Try Molykote DX (for 9501 or D-5) and Novostar, which ones depend on the application...

-s-


----------



## bmwfreak (Jun 7, 2008)

This old thread may be of some help....or just confuse you even more as it did me. I purchased some Nye synthetic watch oil hoping to use in places specified for Moebius 9010 and D5? Maybe others can confirm whether this is okay. Still need to find something very light for the pallet stones (941).

https://www.watchuseek.com/archive/index.php/t-254371.html


----------



## skoochy (Jan 6, 2009)

bmwfreak said:


> This old thread may be of some help....or just confuse you even more as it did me. I purchased some Nye synthetic watch oil hoping to use in places specified for Moebius 9010 and D5? Maybe others can confirm whether this is okay. Still need to find something very light for the pallet stones (941).
> 
> https://www.watchuseek.com/archive/index.php/t-254371.html


I think depending on what size watch you're working on, you can use a Novostar L in place of 941.

I have my watchmaker use Nye + Moebius for some of our very low temperature watches.

-s-


----------



## Somewhere else (Feb 17, 2006)

Although I haven't heard them ever mentioned on any forum--they may not export them-- and I'm in Japan, Seiko makes some nice watch oils and greases which I use. For example, S-6 is their all purpose watch grease (this is what they call it) which Seiko recommends for eccentric posts and pawls on automatic watches, barrel arbors, cannon pinions and hole jewels.

Older watchmakers like myself , were taught to oil with one or two oils only and grease for the setting mechanism. The 6497 is a pocket watch movement that will take all sorts of abuse in oiling and be happy. I would use one oil on the whole thing, a non creep graphite based lubricant on the mainspring and watchmakers grease on the setting mechanism. 
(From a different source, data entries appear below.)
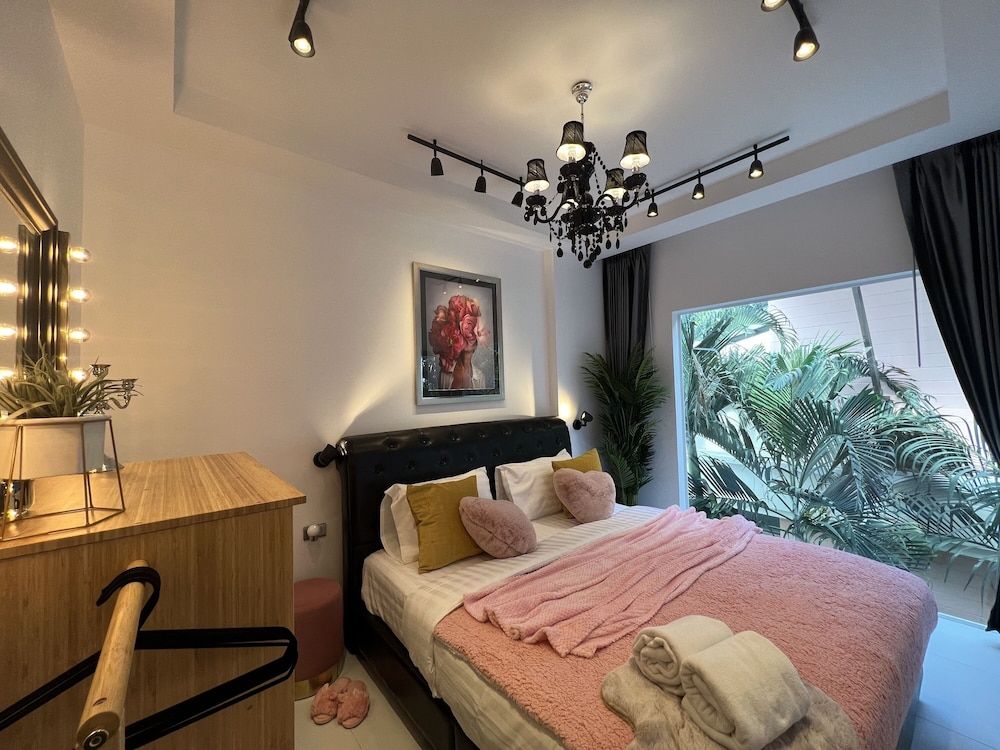 undefined Art Pool Villa 8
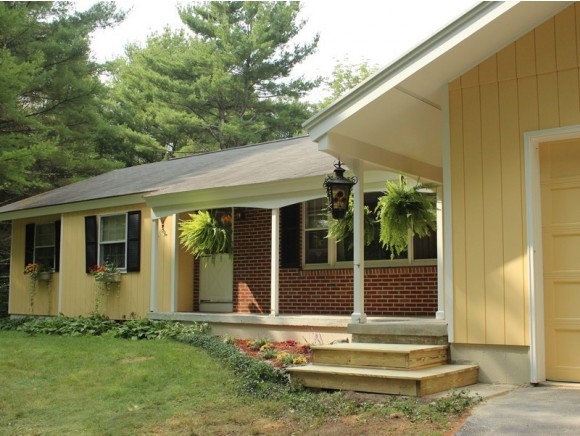 1475 Hidden Valley Road Shaftsbury, VT 05262 - Photo 2 of 13 Gallery Image 2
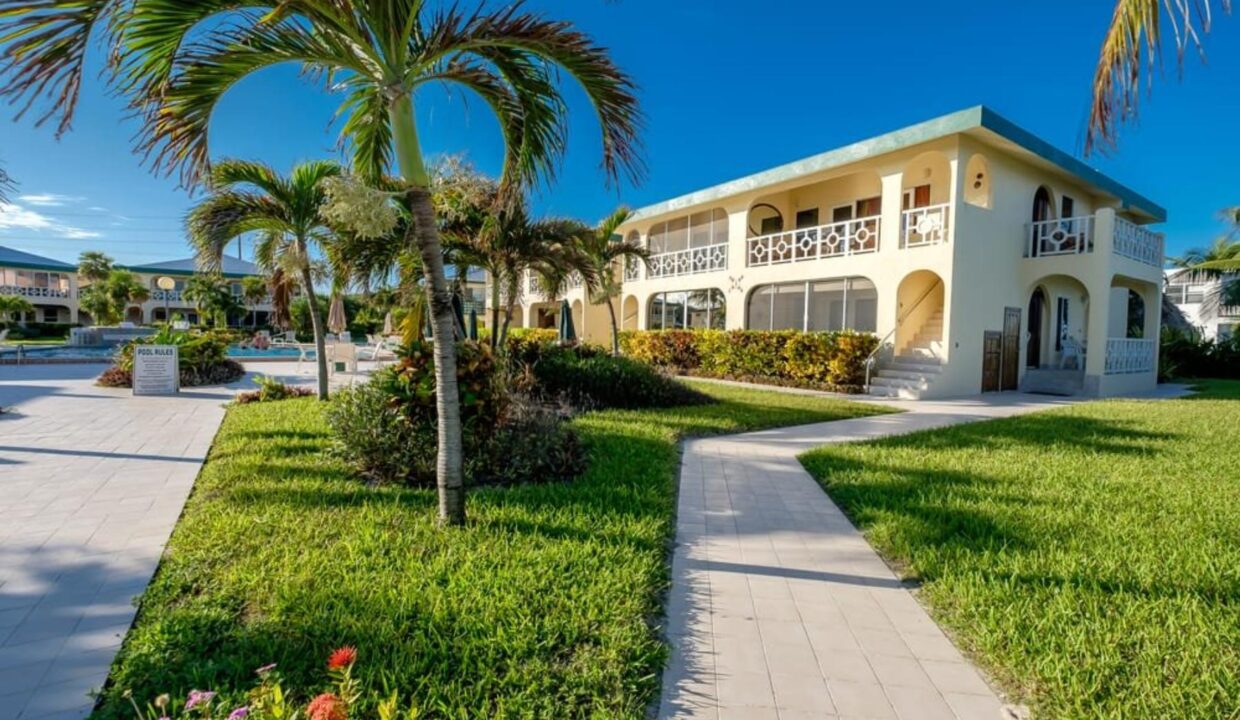 RoyalPalmVillas1C-9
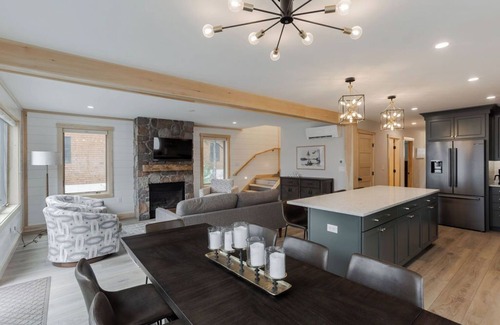 South Casco House | New House on Big Sebago w/Private beach & dock!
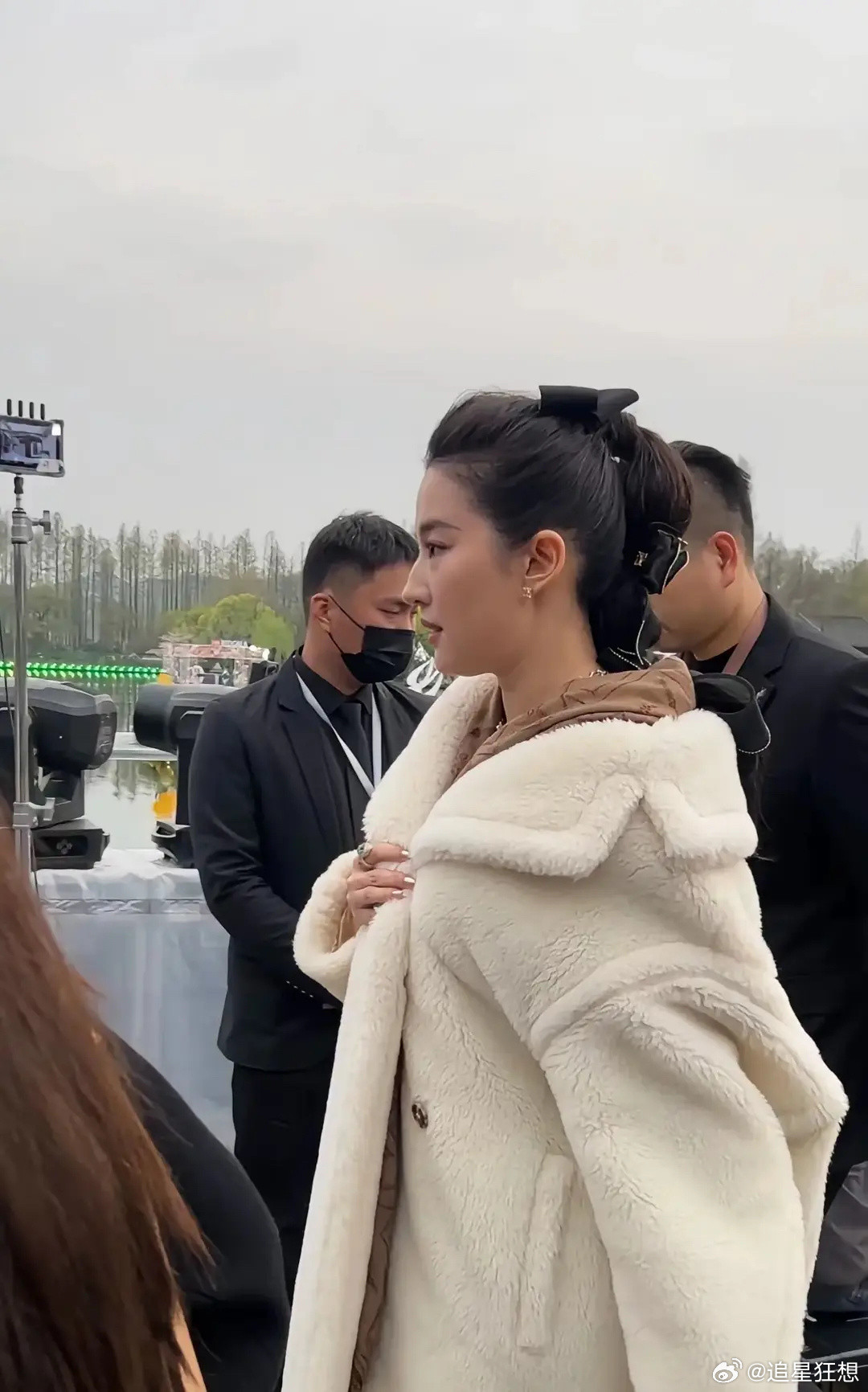 有多人都被刘亦菲之前的精修图骗了​​​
If you can find Seiko watch oils, you'll probably end up saving money.My bet is that you can find Seiko watch oils in many parts of Asia outside of Japan if you ask around.


----------



## lysanderxiii (Oct 4, 2006)

The Novostar line is about half to a third the price of the Moebius line. Just as good, in my opinion. Nye is a good GP oil as well.

The only reason all ETA oil sheets call for Moebius oil is SWATCH Group owns both ETA and Moebius, not because Moebius is better oil....


----------



## dbl_ (Mar 22, 2009)

Somewhere else said:


> Although I haven't heard them ever mentioned on any forum--they may not export them-- and I'm in Japan, Seiko makes some nice watch oils and greases which I use. For example, S-6 is their all purpose watch grease (this is what they call it) which Seiko recommends for eccentric posts and pawls on automatic watches, barrel arbors, cannon pinions and hole jewels.
> 
> Older watchmakers like myself , were taught to oil with one or two oils only and grease for the setting mechanism. The 6497 is a pocket watch movement that will take all sorts of abuse in oiling and be happy. I would use one oil on the whole thing, a non creep graphite based lubricant on the mainspring and watchmakers grease on the setting mechanism.
> 
> If you can find Seiko watch oils, you'll probably end up saving money.My bet is that you can find Seiko watch oils in many parts of Asia outside of Japan if you ask around.


As an experiment i used light, synthetic switch oil for balance jewels, escape wheel pivots and palette jewels. So far so good.
It cost less than a dollar for 3 ml.
http://www.cybor-tech.com.pl/info.php?id=40026
This oil is used normally for lubrication of switches in electronics.

For stem and "neighbourhood", handwind main spring , barrel arbour, canon pinion etc. I use petrolatum.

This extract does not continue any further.